I was deathly afraid of making a complete fool of myself or being ambushed.
When I was growing up, there’d be times in the classroom, when someone would say something, often a pretty innocuous comment, and the smart alec, the joker in the class, would turn it around to be an insult at me.
The teacher would be helpless to stop the guffaws as everyone stared at me, laughed at me, and pointed their fingers at me. I would burst into tears and run from the room.
It would happen about once or twice a year. Of course the teacher would give them a stern talking to and detentions, but I guess the jokers thought it was worth it, because they’d do it again.
Ever since I decided to get published and promote my work, including public presentations, my worst nightmare was a scenario when people were ganging up on me.
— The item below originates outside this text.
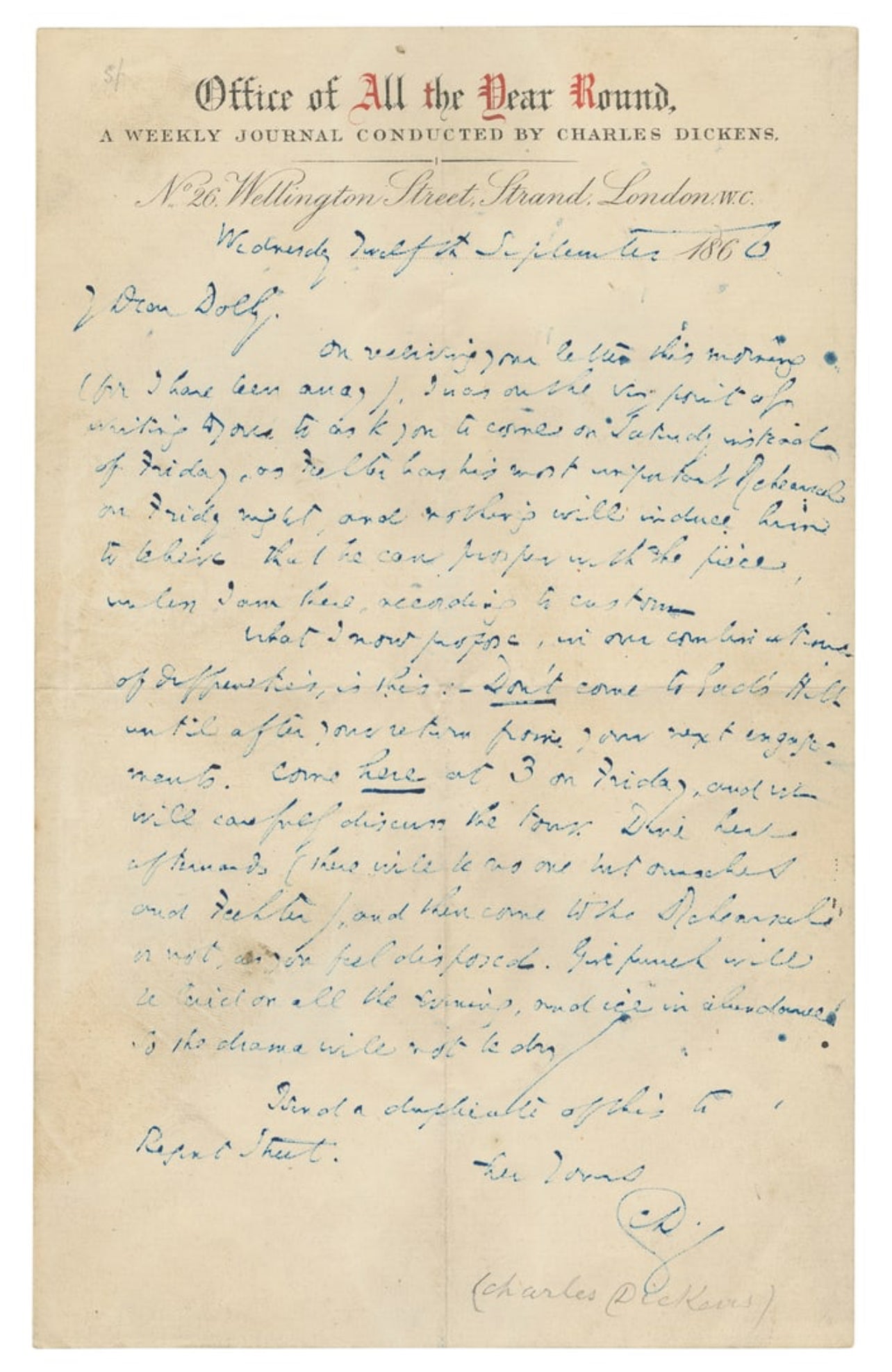 Charles Dickens Beckett Encapsulated Handwriting Removed From an Autograph Letter Signed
When they were laughing at me and there was nothing I could do.
A few years ago, my worst case scenario came true. It was on a local channel on a kind of talk show. The host was a bit of a loose cannon. I’d been on the show a few times and this time the issues being discussed were about Afghanistan. I assumed they were calling me because of my book The Roses in my Carpets.
The producer even told me, “Don’t worry, it won’t be confrontational.”
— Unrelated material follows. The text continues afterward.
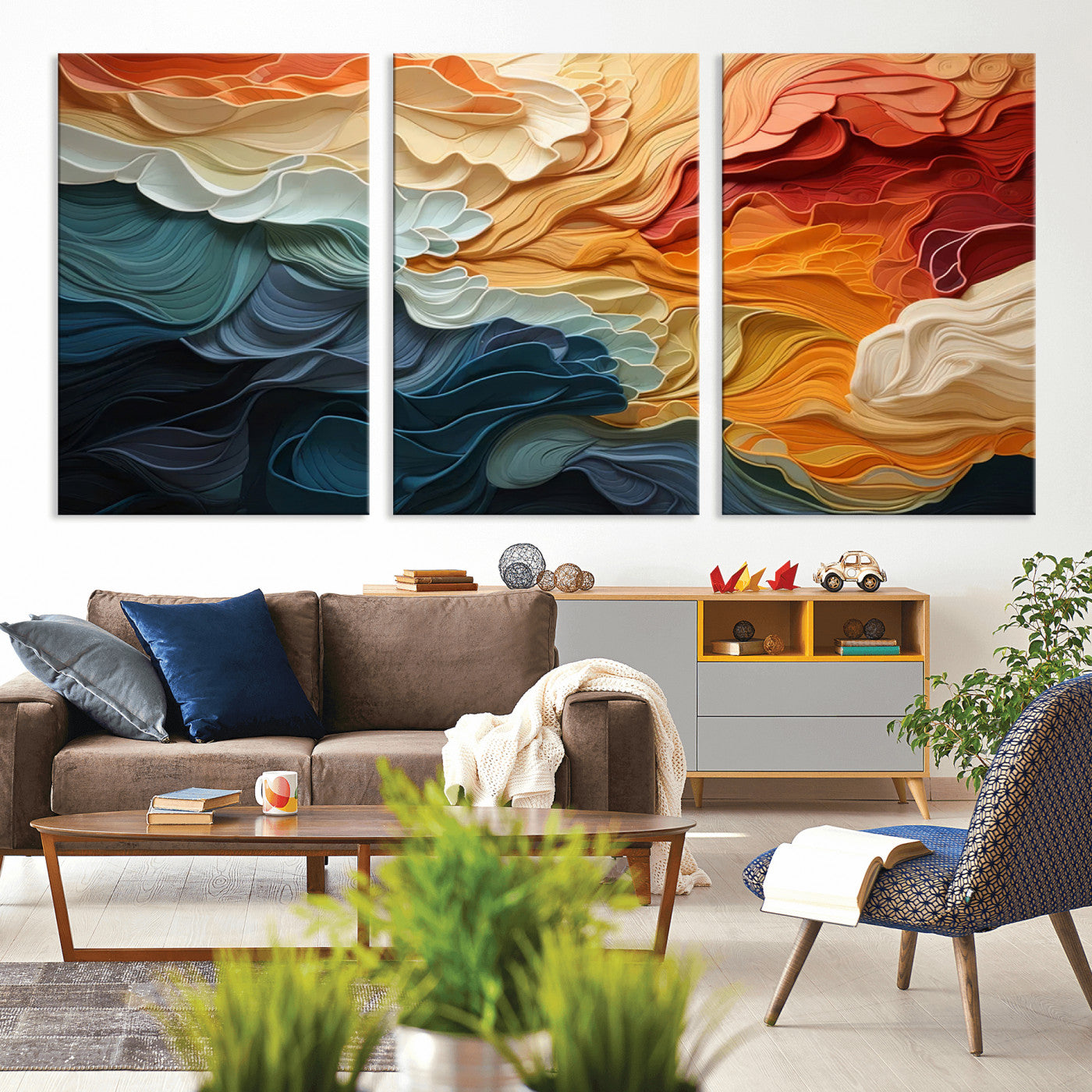 MGV-CV-60X30-3P - Blue Orange Abstract Wave Wall Art Canvas Print, Framed Blue Orange Wave Wall Art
I was the only Muslim on the panel. And it ended up to be a show on the transgressions of the Taliban.
I was called upon to defend every atrocity that had ever been committed against women, in the name of Islam.
And the worst thing was two of the ladies on the panel were also South Asian but they had some kind of bigotry against Islam and Muslims and even as I was answering their charges, trying to explain Muslim perspectives, they were snickering and giggling, laughing while I was talking.
And during the commercial breaks I kept turning to the host saying, “I feel like I’m under attack!” He just smiled and said, “Nonsense. You’re doing fine.”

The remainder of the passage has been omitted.